SUPPLIED INFORMATION:
===

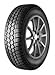 Produktbild Mastersteel Winter + IS-W XL - 205/50R17 93H - Winterreifen
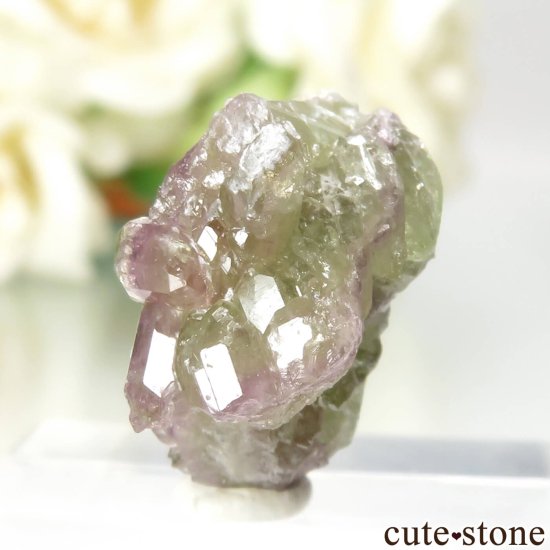 ʥ ٥å Jeffrey Mine ٥ӥʥȤθ No.7μ̿2 cute stone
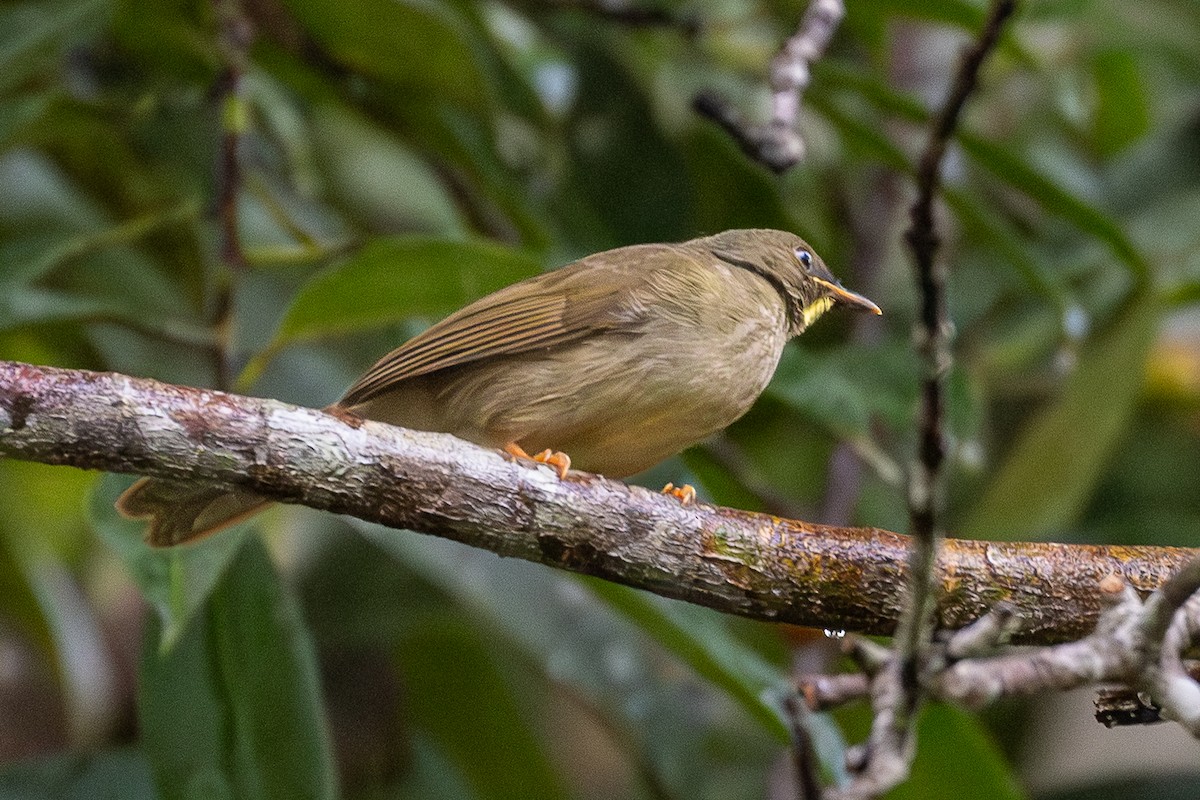 Yellow-whiskered Greenbul - ML644914936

===

Return an exact transcription of the material, with its pictures left out.

 Produktbild Mastersteel Winter + IS-W XL - 205/50R17 93H - Winterreifen
 ʥ ٥å Jeffrey Mine ٥ӥʥȤθ No.7μ̿2 cute stone
 Yellow-whiskered Greenbul - ML644914936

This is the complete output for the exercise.